The week is starting out right. I just got called in to work a full shift at an elementary school today.
Though working at a different school every time that I get called in creates its own set of stresses, I know that this is part of the learning curve. I am learning so much more than just 'the job'.
I have the opportunity to work in many different scenarios, with different staff and different dynamics at play. I choose to see this as 'shopping' for the (eventual) full-time position of my choosing.
I am taking tentative steps towards my future. A destination that I was convinced was 'the one' a few short weeks ago. One idle week at home (waiting for the phone to ring), placed all sorts of doubt in my mind.

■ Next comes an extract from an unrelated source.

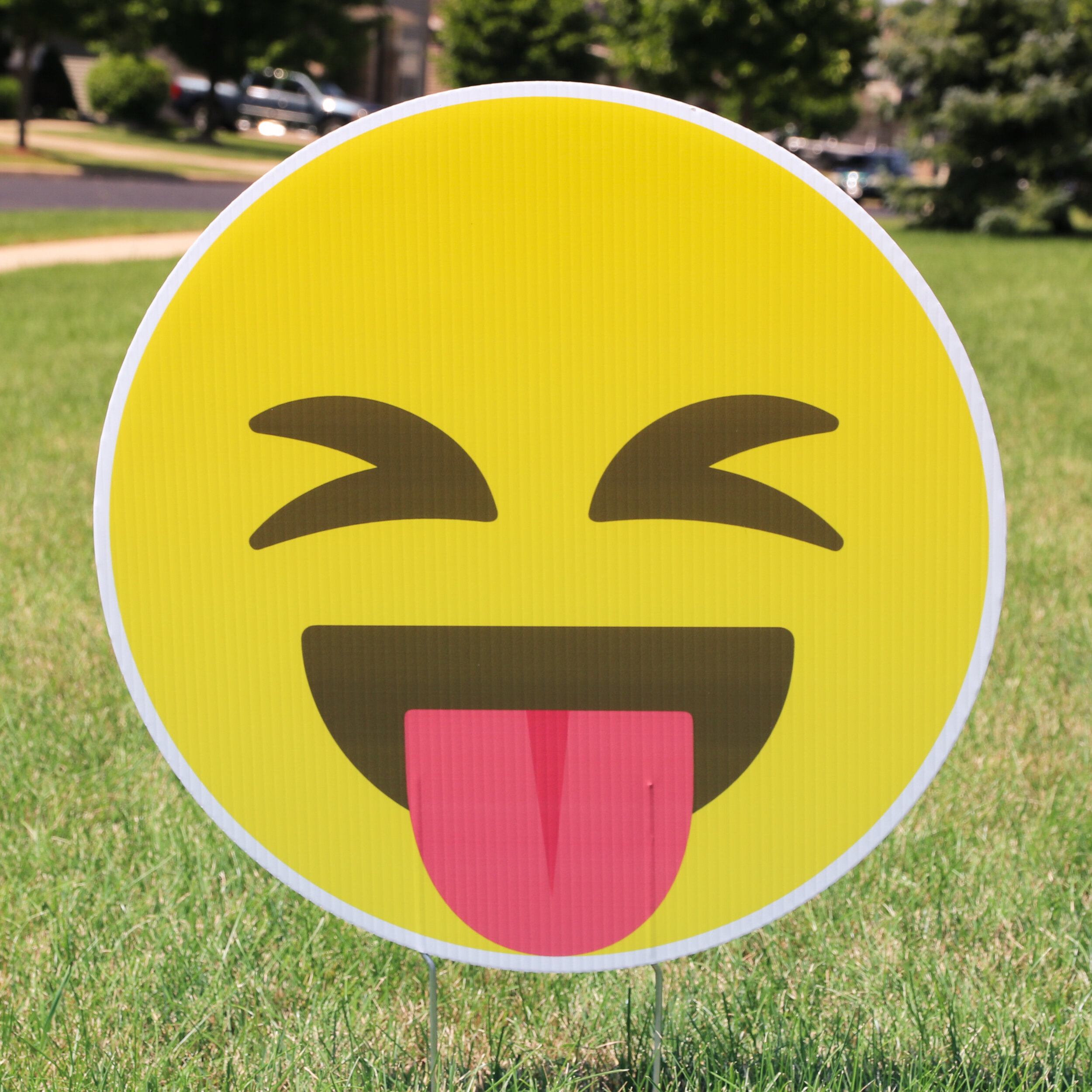 Large yellow emoji sign with closed eyes and sticking out tongue, placed on a grassy lawn.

I was 'tested' many, many times throughout my daycare career. Families would come and go. I would look ahead and question my ability to pay the bills. I had choices. I always chose to forge ahead with my decision to work from home. Each and every time that I firmly decided within myself to persevere, I was rewarded. Opportunities arose that allowed me to not only keep doing what I chose to do ... but allowed me the luxury of paying the bills.
Yesterday, I made the firm decision within myself to keep going in the direction that I knew was what I believed to be in my best interests. Now and in the future.
I shook off the pressure of deciding an alternate route. I don't have the energy, stamina nor self-esteem to choose an alternate direction right now. Especially because I already thought I was on the right path.
I still believe that I am on the correct highway. I have the opportunity to check out the side roads before I commit to following them to the end.
I am going to enjoy and make the most of this journey.